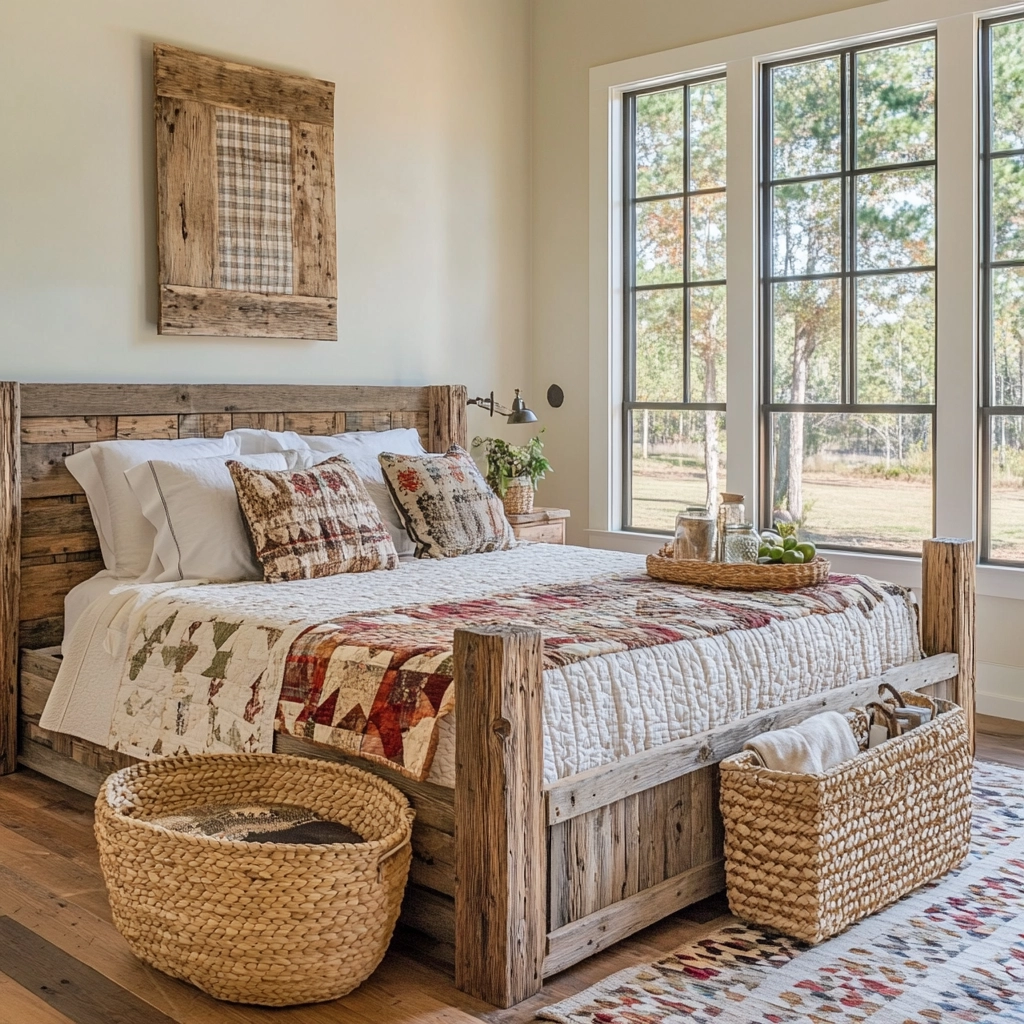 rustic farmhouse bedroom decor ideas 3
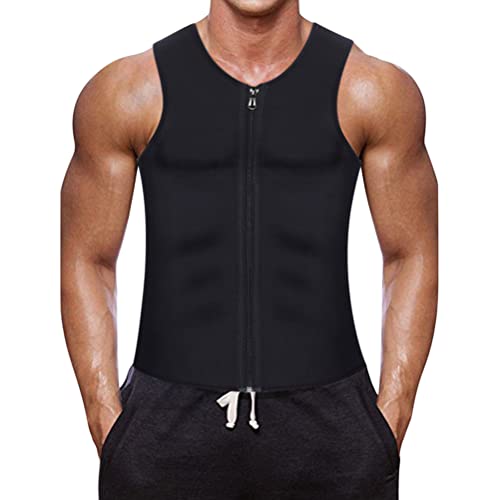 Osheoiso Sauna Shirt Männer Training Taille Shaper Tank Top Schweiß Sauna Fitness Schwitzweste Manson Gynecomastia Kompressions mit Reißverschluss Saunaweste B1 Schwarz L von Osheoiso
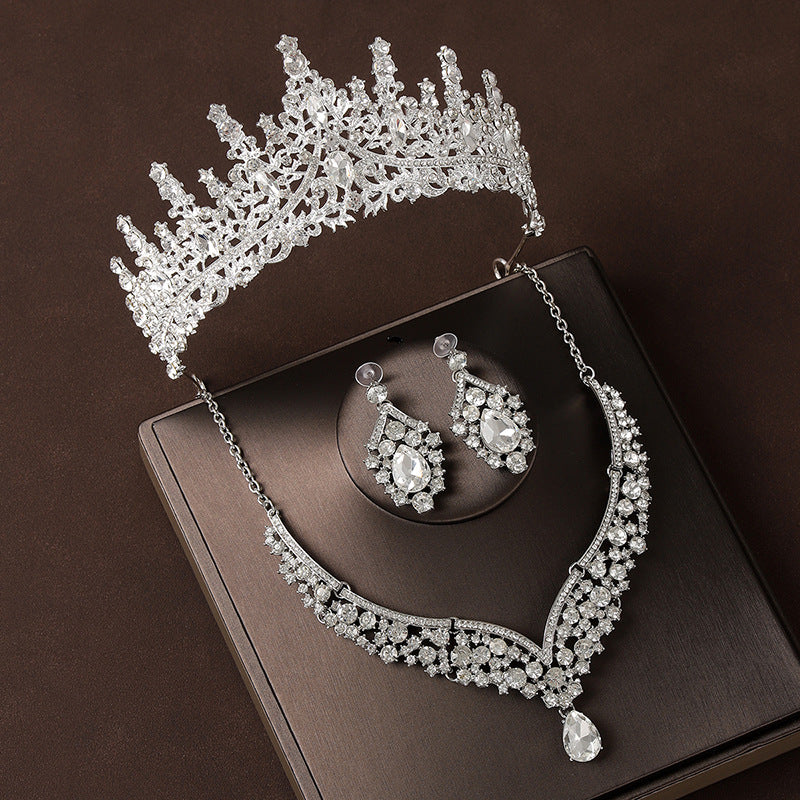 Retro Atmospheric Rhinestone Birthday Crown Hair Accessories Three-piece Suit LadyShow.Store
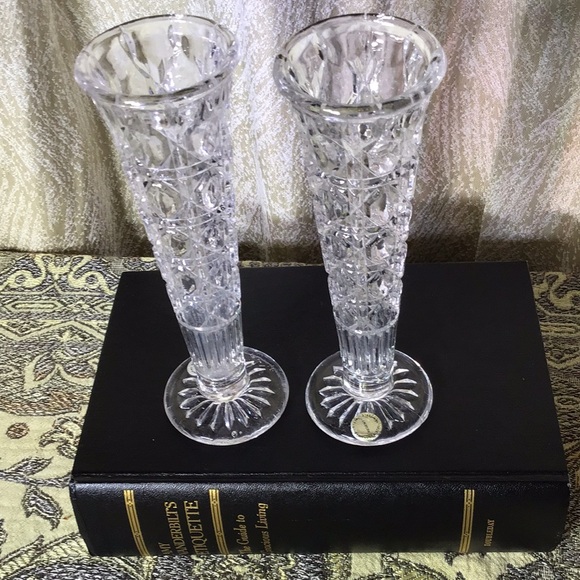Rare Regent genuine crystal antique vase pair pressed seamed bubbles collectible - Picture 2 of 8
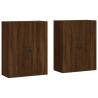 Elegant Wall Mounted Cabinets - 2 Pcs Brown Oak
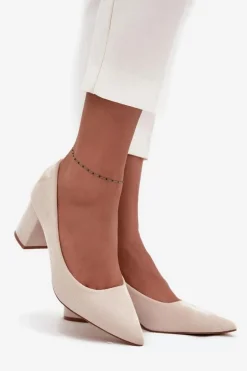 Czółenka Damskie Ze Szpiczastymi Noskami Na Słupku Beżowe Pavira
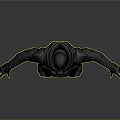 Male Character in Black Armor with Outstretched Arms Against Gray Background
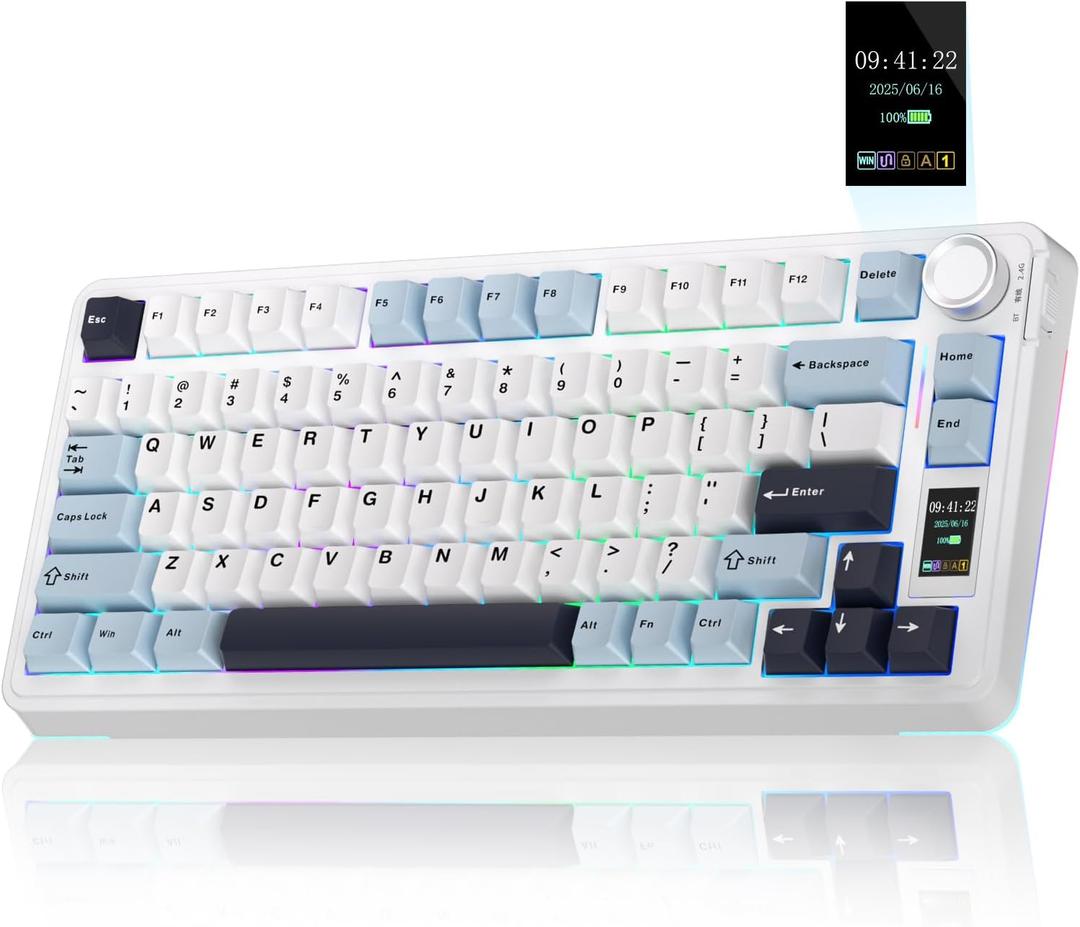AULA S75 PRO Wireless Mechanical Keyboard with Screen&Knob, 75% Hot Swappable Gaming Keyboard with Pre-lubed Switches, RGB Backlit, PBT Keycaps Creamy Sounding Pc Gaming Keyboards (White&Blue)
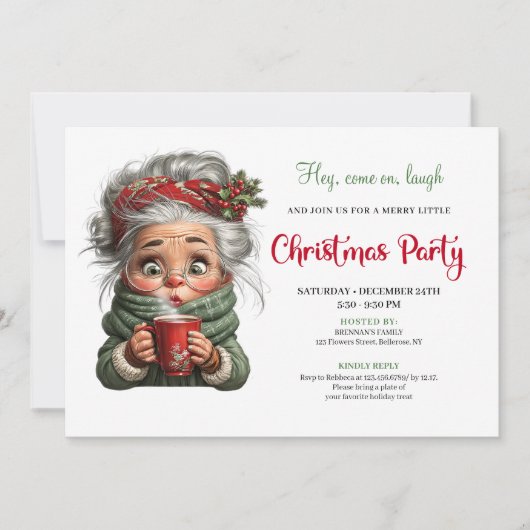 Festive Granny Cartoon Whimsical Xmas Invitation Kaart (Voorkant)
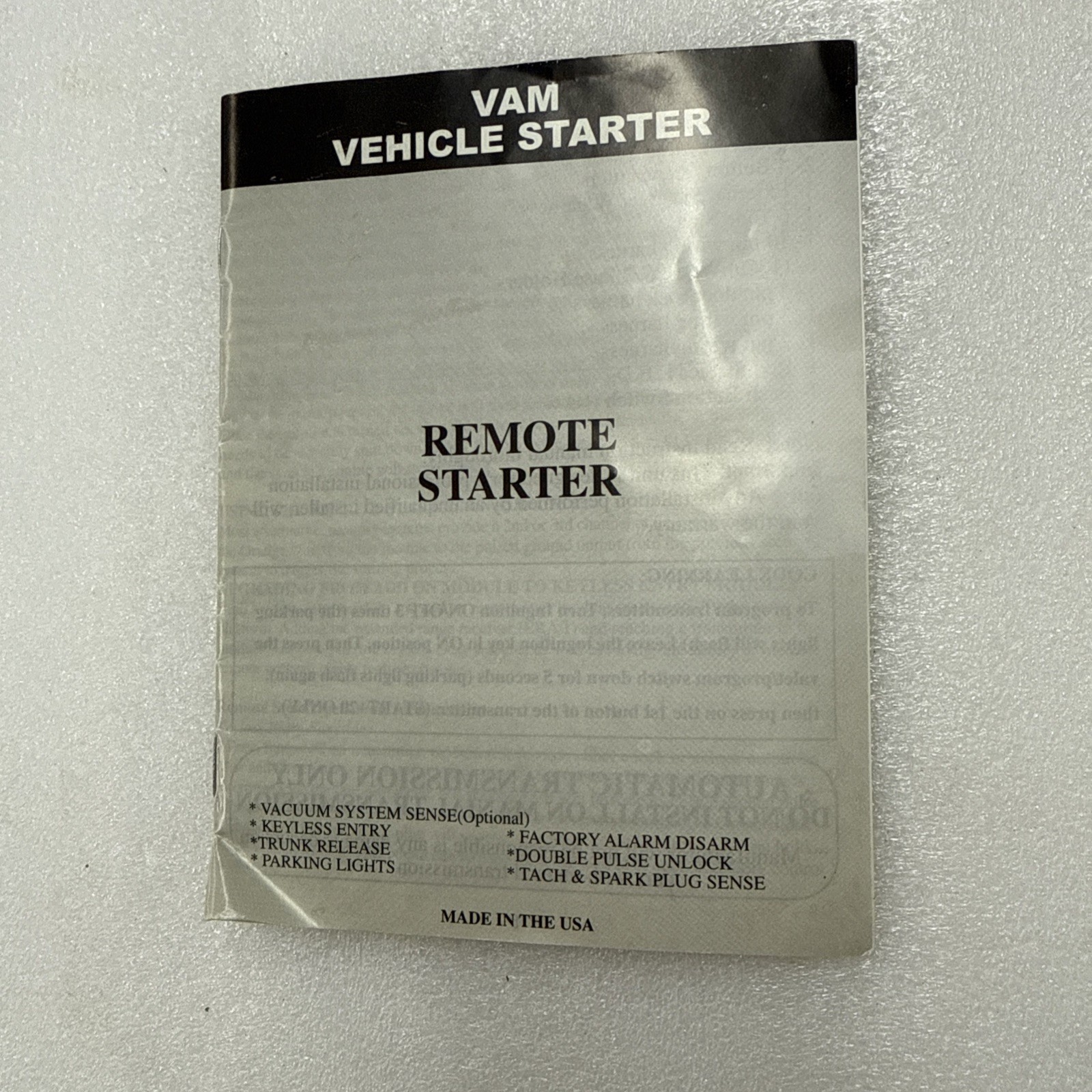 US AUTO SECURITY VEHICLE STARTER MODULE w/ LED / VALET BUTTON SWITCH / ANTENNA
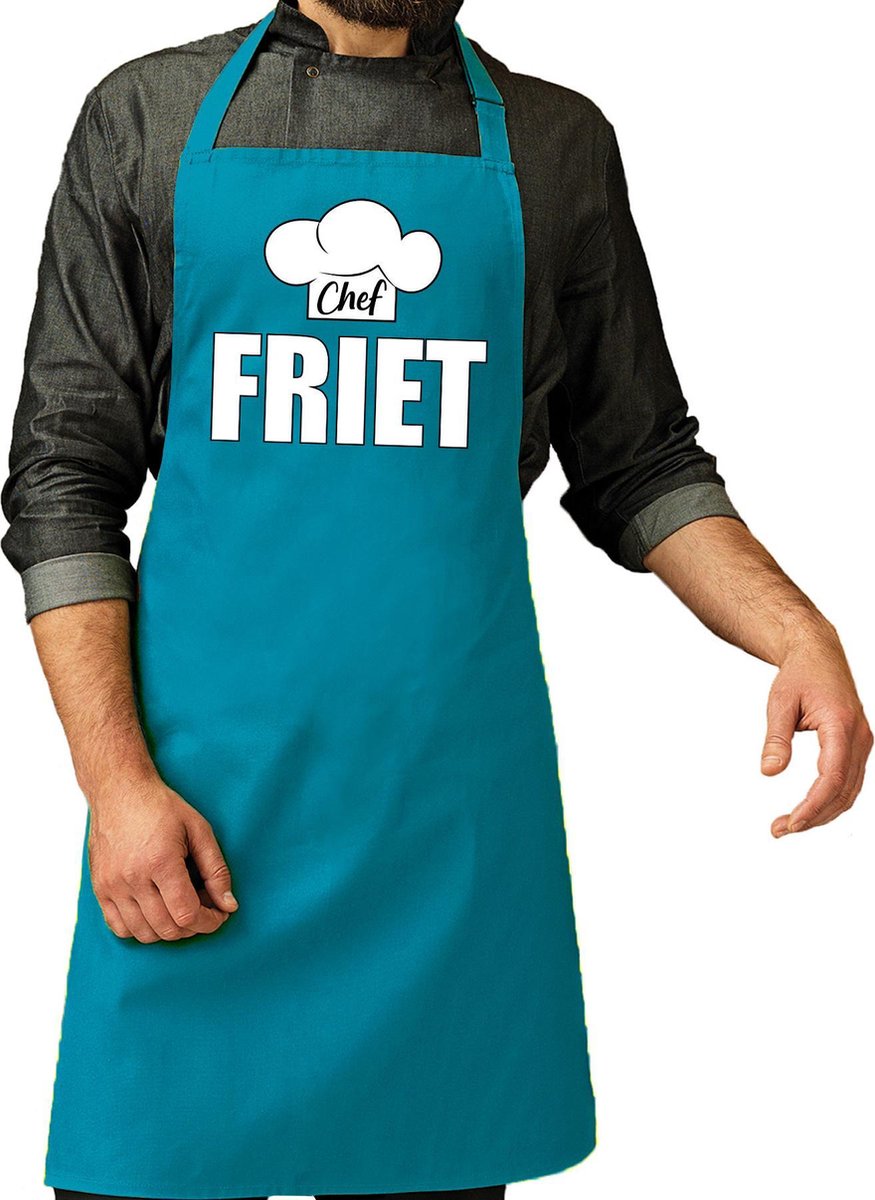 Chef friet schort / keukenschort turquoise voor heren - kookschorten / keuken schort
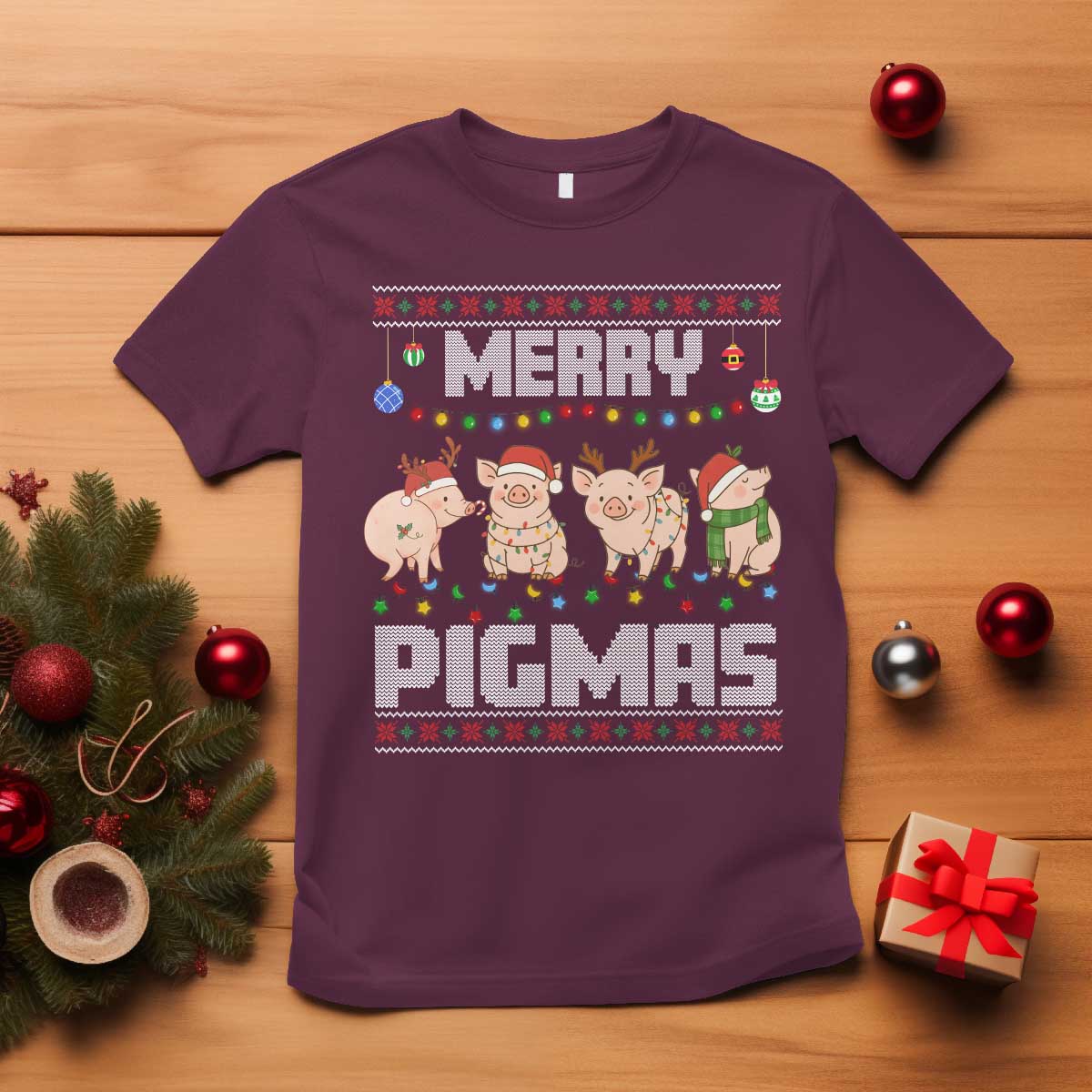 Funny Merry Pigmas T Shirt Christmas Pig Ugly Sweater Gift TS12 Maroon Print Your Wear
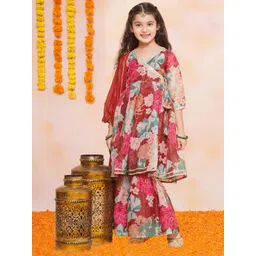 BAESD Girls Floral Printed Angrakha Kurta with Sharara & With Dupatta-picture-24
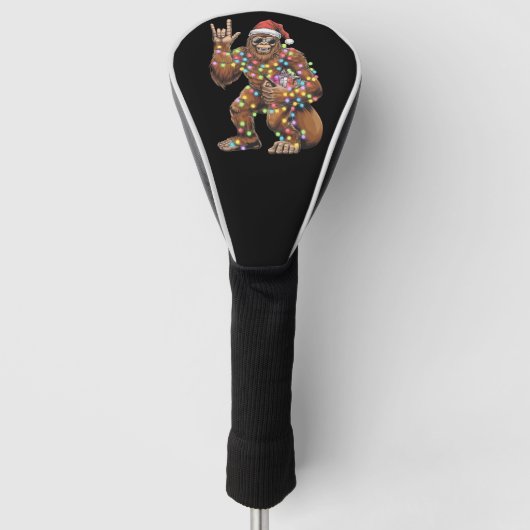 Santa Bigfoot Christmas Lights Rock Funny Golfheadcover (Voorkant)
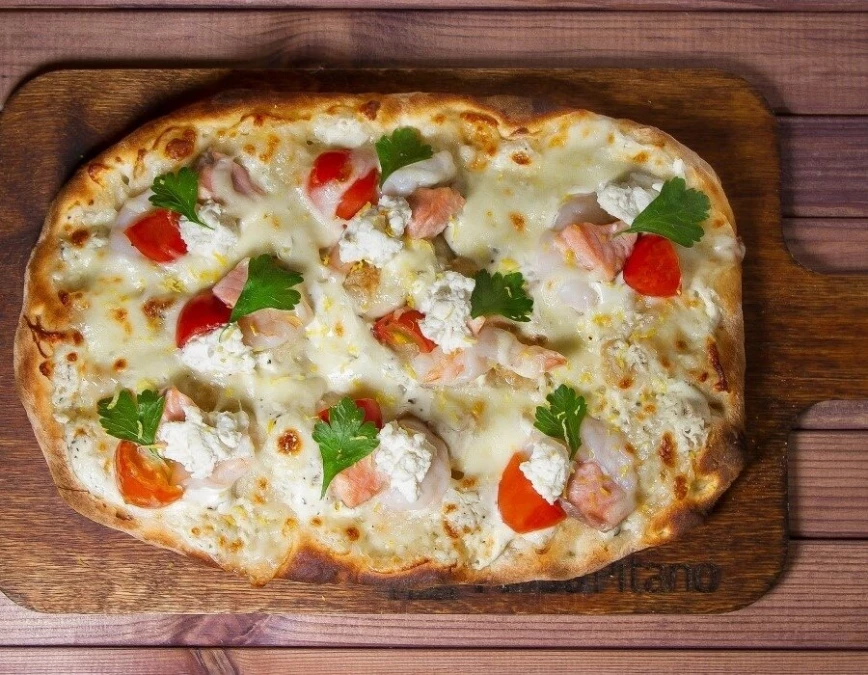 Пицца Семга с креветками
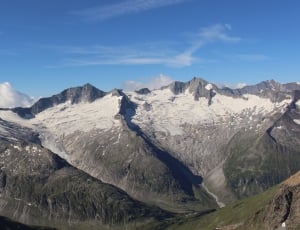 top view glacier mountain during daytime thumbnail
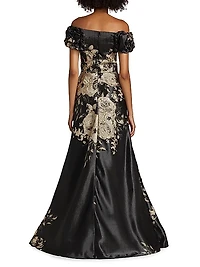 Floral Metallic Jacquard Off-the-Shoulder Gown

——

## WHAT IS EXPECTED
Exact repeats of the lines from the first one in the data through the line containing "Rare Regent genuine" make up the answer. Pictures do not.

## YOUR RESPONSE
 rustic farmhouse bedroom decor ideas 3
 Osheoiso Sauna Shirt Männer Training Taille Shaper Tank Top Schweiß Sauna Fitness Schwitzweste Manson Gynecomastia Kompressions mit Reißverschluss Saunaweste B1 Schwarz L von Osheoiso
 Retro Atmospheric Rhinestone Birthday Crown Hair Accessories Three-piece Suit LadyShow.Store
Rare Regent genuine crystal antique vase pair pressed seamed bubbles collectible - Picture 2 of 8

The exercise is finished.